RDMA 101 - Buiding virtual setup

Playing with RDMA in virtual setup
Published on April 29, 2017 under the tag storage, rdma, qemu

We are going to explore RDMA and it’s applications in a series of tutorials starting with this one.
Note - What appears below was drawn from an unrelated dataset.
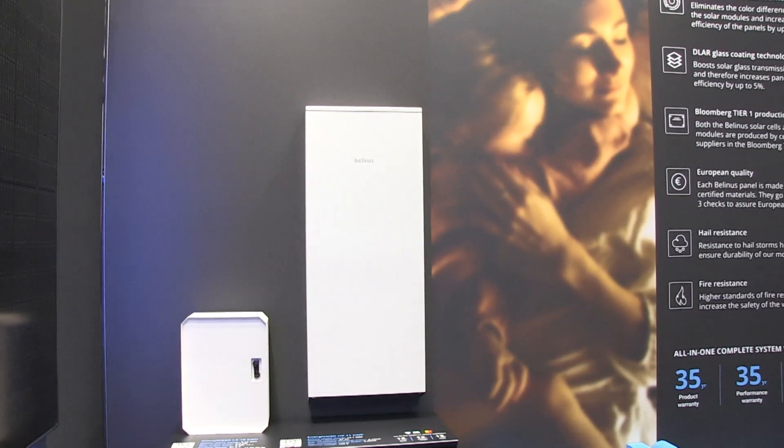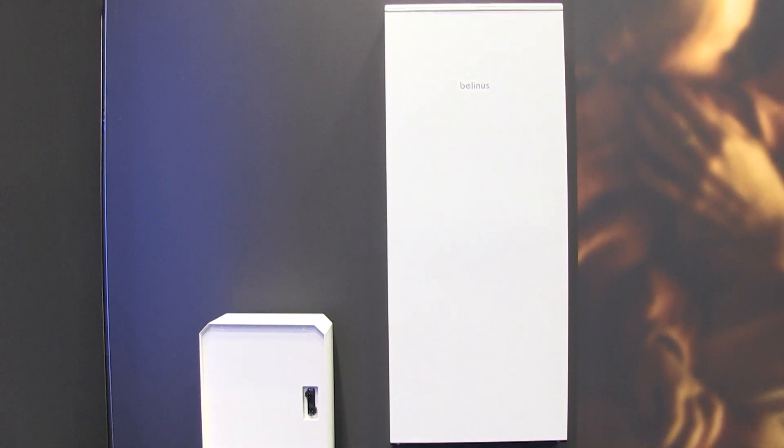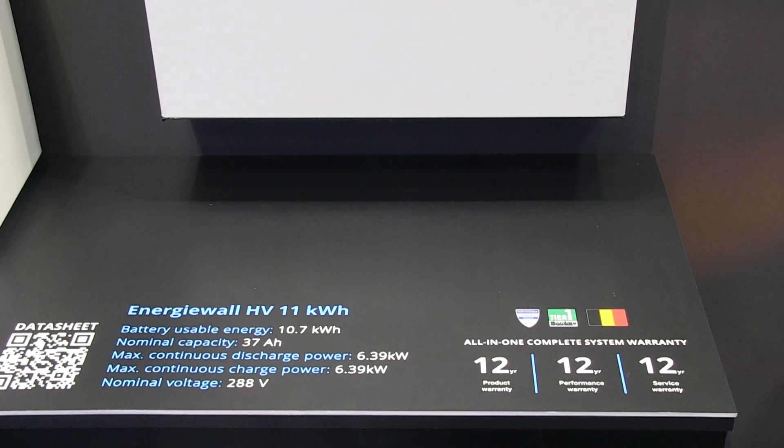High quality panels, mainly for the residential markets. In Benelux we have already quite a good structure. Now we are looking to also expand in other countries like Germany and Austria, Switzerland, going to East Europe and Scandinavia.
The first step is to build virtual environment where we can run our applications. Usually RDMA communication requires special RDMA capable NIC on your server. Many vendors, such as Mellanox, sell this hardware but for our development effort we are going to build a virtual environment based on qemu and softiwarp software.

Virtual environment

Base image

We start with ubuntu 16.04.2 qemu image. It has linux kernel 4.8 installed and a basic development tools

$ sudo apt-get install linux-generic-hwe-16.04 build-essential \
                       automake autoconf libtool

Let’s call this image ubuntu-16.04.2-dev. We are going to create another image based on this image with all the rdma stack installed on it called ubuntu-rdma.qcow2

$ qemu-img create -f qcow2 -b ubuntu-16.04.2-dev ubuntu-rdma.qcow2
Formatting 'ubuntu-rdma.qcow2' ...

Let’s start a guest and install RDMA stack inside of it.

kvm -m 1G \
-netdev user,hostfwd=tcp::5555-:22,id=net0 \
-device virtio-net-pci,netdev=net0 \
-drive if=virtio,file=ubuntu-rdma.qcow2,cache=unsafe

We can ssh to guest through local port 5555 which is redirected to port 22 on guest.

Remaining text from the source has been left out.